YOUR INSTRUCTIONS
Below are some records. Write out exactly their lines from the one with "kitchen with decorative" through the one with "Two students walk", and leave the pictures behind.

━━━ AVAILABLE RECORDS ━━━

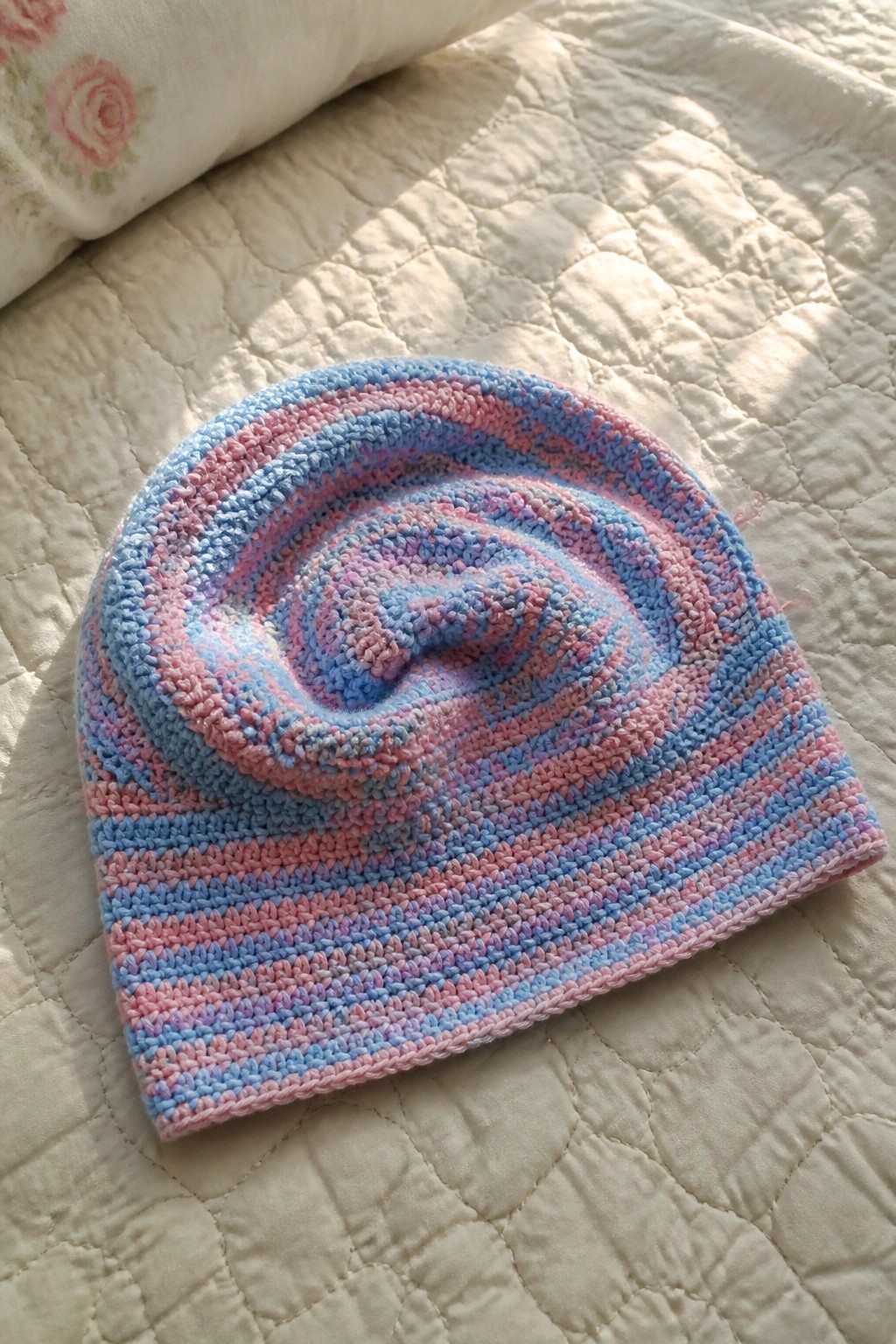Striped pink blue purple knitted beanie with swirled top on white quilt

━━━
━━━ AVAILABLE RECORDS ━━━

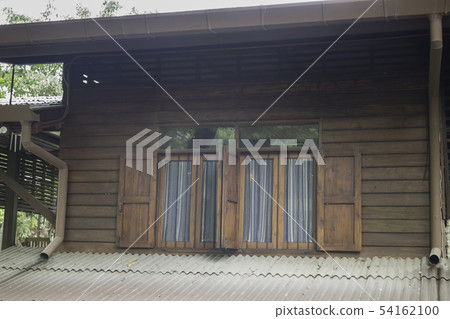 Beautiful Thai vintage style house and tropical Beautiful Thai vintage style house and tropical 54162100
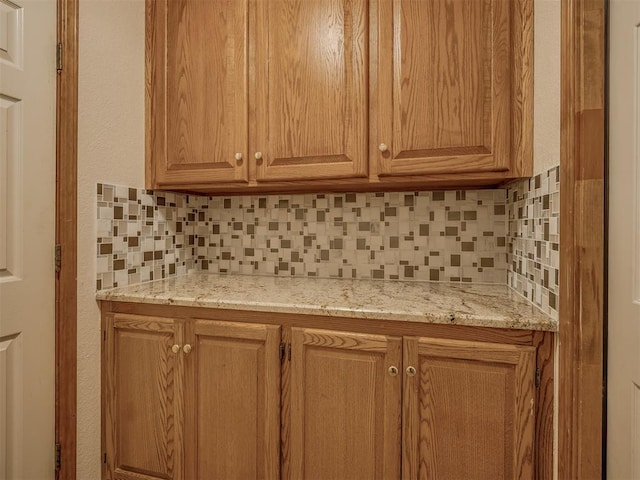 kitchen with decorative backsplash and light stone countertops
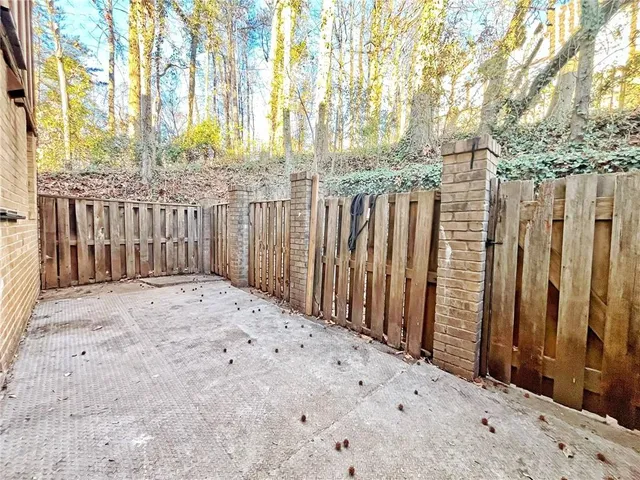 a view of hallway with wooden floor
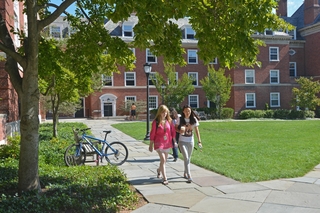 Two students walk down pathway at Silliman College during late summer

━━━

WRITTEN RESPONSE
 kitchen with decorative backsplash and light stone countertops
 a view of hallway with wooden floor
 Two students walk down pathway at Silliman College during late summer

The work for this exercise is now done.